When the boys were first reported missing, hopes for their location and salvage were limited. But when they were found by divers last week, having been lost for over 9 days, the worlds media descended en masse to cover the rescue operation.
And why wouldn’t they? This is a story that has everything – danger, intrigue, courage, mystery, hope and in the form of global cooperation (The US military, British divers and experts from Japan, China and Australia all aided the Thai authorities) it also showed what humanity could achieve if it pulled together. It was also universal in other ways– the horror of missing children transcends cultural and geographical barriers to unite people.
And there, in its eventual wonderful denouement, was that something we all wanted to see – the awful death of a Thai diver notwithstanding – a happy ending. No wonder the story could be followed step by step via the Guardian or CNN. No wonder that it was the most popular story on France’s Le Monde website and, as the USA Today noted, made the front of China’s state-run Xinhua news website. In these most tense of times, when the world seems to be teetering on the brink of catastrophe, a story of such positivity, in every aspect, will be embraced. Miracles need to happen and, as Narongsak Osatanaskorn, rescue leader, told a thronging press conference:
“I never imagined this could happen – but we did it. We completed mission impossible,”
So it is all too rare that events like this can capture the attention of the world and end in triumph.
Rare, but not totally unheard of. In terms of the media coverage at least, there are remarkable parallels with the 33 Chilean miners who, before they were rescued in 2010, were trapped for 69 days some 2,000 feet below ground.
In the immediate aftermath of the accident, coverage of the disaster dominated Chilean television but the story only began to gain global prominence, when, after two weeks, evidence began to emerge that all 33 men were alive and relatively well. Then, as César Jiménez-Martíne has pointed out Camp Hope—the improvised town that had grown up around the mine—was visited by a growing number of international media workers with more than 1,500 professionals representing 250 media organizations. And when the rescue took place – which took 22 hours – it was watched live, at certain points, by a billion viewers.

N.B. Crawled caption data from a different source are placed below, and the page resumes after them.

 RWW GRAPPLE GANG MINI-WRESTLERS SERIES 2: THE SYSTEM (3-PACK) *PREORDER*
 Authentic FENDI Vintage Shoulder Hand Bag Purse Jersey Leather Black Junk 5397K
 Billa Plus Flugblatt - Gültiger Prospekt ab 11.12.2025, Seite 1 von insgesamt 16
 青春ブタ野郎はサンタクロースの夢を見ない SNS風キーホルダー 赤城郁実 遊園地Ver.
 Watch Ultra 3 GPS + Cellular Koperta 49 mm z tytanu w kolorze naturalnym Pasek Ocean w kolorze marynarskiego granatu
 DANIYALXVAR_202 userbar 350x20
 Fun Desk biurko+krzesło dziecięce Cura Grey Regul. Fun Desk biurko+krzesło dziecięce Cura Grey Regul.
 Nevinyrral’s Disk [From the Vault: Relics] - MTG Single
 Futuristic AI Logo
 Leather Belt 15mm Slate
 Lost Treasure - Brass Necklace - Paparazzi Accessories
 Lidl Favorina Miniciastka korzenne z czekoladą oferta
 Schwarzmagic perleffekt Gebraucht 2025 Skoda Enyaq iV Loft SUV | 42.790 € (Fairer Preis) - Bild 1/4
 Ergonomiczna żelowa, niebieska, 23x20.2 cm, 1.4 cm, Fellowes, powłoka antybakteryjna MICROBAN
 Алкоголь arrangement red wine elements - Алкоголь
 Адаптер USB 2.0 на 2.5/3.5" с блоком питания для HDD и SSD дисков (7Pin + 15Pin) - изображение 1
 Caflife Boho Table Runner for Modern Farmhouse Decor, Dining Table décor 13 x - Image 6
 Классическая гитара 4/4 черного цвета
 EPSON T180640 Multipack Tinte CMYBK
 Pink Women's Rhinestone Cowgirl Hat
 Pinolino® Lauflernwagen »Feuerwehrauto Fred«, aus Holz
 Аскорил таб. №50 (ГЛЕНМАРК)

Such was the interest in the event, that the BBC sent 26 of its staff to Chile at a cost of over £100,000 . This outlay, which saw the Corporation cut back on its reporting of other international events, was done because of audience interest. As the then BBC’s world news editor, Jon Williams, wrote at the time: the BBC news channel was attracting record viewing figures and More than 8 million people read the coverage of the miners’ escape on the BBC News website.
The men who emerged from the San Jose mine of course saw their lives completely transformed and had to contend not only with the trauma of their experiences but also with the pressures of newly acquired global celebrity.
In 2015 a Hollywood film dramatizing their ordeal, the 33, was released starring Antonio Banderas and Juliet Binochet. With the publicity surrounding the film, attention turned to the 5 years since the rescue and how the survivors had coped. The news, perhaps inevitably, was not good. The men were in dispute with lawyers over royalties for the film and many were suffering from financial, physical and mental health issues. Carlos Barrios, one of the youngest miners, told the BBC:
“I suffered a mental breakdown two years after the accident which led to panic attacks, insomnia and forgetfulness….I am still off work for health reasons and need to see a psychologist in Santiago every month,” Another miner, Omar Reygadas, said: “While I was down in the mine, I felt I was just doing a very long shift. But, when I came out everyone wanted a piece of me and now I hate it when the phone rings, I get angry very easily and although I love my girlfriend very much I’m relieved I don’t share a house with her because I need my space.”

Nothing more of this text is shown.